- _REQUIREMENT_: Filter the data below for the string "Germany" and copy each matching line.

- _PROVIDED DATA_:
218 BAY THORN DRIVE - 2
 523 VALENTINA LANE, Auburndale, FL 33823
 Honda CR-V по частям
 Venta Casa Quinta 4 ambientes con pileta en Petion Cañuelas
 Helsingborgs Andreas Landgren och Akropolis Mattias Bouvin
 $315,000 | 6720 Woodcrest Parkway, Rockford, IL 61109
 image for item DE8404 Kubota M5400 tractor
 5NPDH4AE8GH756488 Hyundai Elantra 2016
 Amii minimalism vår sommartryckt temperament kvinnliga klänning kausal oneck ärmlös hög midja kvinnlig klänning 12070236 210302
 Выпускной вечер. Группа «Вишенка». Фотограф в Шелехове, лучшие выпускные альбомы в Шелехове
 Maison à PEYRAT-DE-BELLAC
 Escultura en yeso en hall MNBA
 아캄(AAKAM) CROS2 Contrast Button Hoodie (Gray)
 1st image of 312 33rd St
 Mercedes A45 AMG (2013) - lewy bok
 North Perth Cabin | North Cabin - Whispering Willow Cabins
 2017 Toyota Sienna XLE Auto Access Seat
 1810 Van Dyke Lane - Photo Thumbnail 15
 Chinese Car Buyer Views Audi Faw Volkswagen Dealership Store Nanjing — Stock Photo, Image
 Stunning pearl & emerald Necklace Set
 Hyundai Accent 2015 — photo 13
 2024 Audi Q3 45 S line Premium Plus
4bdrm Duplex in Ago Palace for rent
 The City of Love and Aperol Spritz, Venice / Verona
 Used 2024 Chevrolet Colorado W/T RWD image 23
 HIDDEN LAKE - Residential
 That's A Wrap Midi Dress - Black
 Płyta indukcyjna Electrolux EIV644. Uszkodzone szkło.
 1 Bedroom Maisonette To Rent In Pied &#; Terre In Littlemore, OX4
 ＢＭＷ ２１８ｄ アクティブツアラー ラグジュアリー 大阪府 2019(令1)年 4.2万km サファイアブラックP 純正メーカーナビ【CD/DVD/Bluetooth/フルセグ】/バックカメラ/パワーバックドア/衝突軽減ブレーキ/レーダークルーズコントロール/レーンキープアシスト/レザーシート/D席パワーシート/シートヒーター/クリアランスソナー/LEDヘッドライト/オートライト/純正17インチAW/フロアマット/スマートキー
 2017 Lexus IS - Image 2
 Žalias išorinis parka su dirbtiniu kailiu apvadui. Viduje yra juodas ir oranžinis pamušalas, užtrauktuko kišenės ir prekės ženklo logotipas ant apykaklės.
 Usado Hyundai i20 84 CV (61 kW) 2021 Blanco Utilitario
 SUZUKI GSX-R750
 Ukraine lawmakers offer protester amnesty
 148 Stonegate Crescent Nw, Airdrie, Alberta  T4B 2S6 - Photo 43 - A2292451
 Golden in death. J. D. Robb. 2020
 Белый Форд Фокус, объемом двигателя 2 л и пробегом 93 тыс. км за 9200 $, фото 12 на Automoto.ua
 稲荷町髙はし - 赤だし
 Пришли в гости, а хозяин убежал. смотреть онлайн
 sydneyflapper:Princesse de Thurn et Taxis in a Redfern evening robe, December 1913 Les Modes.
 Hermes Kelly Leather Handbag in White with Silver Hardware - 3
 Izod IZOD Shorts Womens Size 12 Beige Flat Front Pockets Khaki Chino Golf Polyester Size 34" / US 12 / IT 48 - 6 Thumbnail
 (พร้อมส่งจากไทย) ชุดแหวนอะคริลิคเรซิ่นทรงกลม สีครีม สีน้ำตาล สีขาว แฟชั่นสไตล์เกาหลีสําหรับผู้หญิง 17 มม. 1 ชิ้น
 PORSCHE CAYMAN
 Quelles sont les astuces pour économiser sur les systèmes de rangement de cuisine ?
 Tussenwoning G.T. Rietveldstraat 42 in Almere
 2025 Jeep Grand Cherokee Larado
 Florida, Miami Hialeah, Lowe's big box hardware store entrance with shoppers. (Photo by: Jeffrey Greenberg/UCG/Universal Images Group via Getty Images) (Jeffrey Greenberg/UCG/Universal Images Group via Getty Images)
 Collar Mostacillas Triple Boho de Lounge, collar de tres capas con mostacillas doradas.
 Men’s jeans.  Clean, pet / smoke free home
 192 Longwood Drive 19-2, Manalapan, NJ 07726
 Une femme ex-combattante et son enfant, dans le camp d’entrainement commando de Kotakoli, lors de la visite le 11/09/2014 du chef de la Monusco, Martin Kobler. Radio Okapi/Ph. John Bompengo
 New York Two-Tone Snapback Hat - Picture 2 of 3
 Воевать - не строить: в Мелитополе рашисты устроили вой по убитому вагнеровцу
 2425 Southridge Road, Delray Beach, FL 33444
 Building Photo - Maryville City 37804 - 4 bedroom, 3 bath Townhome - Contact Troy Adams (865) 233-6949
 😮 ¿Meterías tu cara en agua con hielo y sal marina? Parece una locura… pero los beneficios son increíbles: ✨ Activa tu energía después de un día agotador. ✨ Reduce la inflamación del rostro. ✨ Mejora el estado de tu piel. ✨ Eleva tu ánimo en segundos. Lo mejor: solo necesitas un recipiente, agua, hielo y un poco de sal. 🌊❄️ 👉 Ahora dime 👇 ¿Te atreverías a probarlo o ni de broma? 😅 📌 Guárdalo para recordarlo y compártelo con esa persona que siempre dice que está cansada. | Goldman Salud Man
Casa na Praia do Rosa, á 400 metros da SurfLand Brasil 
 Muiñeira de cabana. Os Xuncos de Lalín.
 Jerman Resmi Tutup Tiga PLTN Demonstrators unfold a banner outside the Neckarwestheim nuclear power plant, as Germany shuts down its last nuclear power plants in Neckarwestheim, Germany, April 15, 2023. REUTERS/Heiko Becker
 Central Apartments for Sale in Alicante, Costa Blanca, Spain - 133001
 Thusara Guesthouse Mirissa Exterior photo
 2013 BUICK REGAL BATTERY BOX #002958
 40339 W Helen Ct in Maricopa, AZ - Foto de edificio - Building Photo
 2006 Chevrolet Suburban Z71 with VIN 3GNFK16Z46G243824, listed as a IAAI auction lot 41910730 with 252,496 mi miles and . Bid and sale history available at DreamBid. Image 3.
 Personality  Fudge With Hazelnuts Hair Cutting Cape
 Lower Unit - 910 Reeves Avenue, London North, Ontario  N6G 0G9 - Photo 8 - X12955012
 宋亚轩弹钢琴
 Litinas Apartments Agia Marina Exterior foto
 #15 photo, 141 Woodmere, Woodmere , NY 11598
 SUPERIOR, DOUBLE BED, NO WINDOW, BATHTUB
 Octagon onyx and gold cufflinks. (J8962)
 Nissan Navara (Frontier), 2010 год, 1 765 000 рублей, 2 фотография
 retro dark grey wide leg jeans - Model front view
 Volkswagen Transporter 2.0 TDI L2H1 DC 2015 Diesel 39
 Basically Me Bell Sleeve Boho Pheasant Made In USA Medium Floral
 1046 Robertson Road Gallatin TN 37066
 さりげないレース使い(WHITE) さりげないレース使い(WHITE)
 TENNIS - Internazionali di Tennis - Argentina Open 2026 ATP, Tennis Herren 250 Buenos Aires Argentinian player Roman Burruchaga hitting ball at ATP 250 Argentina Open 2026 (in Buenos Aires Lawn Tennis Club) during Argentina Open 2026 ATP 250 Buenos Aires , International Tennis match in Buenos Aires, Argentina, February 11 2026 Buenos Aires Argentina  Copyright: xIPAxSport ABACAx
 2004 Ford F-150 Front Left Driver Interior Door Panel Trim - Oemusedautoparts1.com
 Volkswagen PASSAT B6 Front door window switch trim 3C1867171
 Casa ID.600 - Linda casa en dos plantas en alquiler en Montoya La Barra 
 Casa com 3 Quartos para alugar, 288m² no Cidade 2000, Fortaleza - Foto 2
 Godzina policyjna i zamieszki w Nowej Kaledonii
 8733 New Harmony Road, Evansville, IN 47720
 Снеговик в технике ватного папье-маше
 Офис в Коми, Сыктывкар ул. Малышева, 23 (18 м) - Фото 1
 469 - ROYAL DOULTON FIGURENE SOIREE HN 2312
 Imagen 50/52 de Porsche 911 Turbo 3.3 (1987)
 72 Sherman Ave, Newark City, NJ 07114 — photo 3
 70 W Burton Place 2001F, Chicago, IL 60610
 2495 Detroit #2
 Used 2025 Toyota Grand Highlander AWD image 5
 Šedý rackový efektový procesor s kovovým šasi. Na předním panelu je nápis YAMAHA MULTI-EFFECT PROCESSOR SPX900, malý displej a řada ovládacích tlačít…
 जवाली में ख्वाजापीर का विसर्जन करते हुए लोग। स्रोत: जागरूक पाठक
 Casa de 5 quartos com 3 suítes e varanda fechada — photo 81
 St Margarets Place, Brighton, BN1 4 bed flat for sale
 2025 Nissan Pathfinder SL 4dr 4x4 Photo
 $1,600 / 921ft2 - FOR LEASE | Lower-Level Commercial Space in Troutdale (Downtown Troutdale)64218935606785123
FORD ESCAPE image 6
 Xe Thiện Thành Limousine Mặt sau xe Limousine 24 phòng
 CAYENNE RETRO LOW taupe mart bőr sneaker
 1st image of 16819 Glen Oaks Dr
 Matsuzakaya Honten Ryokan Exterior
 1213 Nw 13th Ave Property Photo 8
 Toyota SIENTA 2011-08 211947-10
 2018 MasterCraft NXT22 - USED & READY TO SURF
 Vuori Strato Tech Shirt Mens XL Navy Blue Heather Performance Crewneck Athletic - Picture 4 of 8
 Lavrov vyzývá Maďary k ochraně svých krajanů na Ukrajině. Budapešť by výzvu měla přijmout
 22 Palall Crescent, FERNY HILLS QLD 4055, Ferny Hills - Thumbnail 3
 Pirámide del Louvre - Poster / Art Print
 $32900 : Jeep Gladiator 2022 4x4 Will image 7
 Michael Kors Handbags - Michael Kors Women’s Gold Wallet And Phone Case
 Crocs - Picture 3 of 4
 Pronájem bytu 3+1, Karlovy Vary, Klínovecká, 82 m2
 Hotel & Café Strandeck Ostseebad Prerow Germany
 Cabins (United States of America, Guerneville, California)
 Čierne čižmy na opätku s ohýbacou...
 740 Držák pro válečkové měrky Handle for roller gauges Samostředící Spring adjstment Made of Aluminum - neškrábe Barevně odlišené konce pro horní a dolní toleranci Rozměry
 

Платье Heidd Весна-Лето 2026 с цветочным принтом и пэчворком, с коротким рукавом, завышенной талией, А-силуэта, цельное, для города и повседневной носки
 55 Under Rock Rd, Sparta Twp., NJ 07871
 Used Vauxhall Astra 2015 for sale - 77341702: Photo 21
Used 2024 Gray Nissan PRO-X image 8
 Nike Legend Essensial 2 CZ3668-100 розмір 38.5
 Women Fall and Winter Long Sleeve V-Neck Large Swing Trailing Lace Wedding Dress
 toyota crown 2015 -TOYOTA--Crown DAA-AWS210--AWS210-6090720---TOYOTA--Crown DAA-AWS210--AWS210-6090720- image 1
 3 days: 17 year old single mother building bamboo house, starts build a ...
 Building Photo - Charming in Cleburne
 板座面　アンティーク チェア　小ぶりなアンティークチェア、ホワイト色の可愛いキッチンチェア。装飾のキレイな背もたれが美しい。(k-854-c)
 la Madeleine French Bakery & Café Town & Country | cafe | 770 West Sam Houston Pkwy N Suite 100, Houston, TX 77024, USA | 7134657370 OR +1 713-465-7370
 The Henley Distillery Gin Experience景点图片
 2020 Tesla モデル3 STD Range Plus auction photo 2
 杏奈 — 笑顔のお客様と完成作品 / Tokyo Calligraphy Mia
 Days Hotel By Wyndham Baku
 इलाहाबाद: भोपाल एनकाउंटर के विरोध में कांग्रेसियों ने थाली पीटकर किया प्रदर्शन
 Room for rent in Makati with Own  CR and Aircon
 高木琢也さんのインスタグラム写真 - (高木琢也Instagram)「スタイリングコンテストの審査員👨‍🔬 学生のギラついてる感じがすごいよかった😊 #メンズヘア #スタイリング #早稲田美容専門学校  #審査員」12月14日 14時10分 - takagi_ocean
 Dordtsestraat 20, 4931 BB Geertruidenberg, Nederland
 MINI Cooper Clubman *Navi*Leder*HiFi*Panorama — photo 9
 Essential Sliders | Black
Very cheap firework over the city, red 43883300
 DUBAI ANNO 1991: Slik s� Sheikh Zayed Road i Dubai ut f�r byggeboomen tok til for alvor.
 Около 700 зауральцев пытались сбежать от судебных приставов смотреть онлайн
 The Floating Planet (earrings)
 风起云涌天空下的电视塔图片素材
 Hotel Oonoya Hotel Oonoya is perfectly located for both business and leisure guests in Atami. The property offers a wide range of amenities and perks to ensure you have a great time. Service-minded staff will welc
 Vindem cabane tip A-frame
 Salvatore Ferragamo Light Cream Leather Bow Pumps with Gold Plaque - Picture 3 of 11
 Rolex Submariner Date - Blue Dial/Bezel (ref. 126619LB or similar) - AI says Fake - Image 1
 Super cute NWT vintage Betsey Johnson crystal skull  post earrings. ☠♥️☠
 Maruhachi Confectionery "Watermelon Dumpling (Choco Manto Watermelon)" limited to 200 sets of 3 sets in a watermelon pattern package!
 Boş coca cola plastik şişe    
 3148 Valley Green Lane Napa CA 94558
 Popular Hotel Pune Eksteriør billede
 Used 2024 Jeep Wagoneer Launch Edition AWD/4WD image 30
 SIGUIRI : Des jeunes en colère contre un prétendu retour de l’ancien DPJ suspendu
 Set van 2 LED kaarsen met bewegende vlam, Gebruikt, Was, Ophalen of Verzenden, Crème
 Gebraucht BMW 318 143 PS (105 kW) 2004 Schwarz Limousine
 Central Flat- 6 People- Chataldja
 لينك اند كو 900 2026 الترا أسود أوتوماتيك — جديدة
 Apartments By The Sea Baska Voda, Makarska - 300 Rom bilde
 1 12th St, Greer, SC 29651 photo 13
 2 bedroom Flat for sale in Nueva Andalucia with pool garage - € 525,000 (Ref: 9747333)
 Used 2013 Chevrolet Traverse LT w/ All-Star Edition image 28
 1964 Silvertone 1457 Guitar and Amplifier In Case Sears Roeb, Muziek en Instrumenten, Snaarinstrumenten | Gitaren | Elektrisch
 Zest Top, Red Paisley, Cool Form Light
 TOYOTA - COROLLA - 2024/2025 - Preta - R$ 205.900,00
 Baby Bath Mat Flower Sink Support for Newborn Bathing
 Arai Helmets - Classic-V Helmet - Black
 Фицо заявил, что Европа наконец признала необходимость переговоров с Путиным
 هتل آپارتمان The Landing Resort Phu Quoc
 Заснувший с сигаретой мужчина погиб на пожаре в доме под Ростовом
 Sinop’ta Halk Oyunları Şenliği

- _TASK RESULT_:
 Jerman Resmi Tutup Tiga PLTN Demonstrators unfold a banner outside the Neckarwestheim nuclear power plant, as Germany shuts down its last nuclear power plants in Neckarwestheim, Germany, April 15, 2023. REUTERS/Heiko Becker
 Hotel & Café Strandeck Ostseebad Prerow Germany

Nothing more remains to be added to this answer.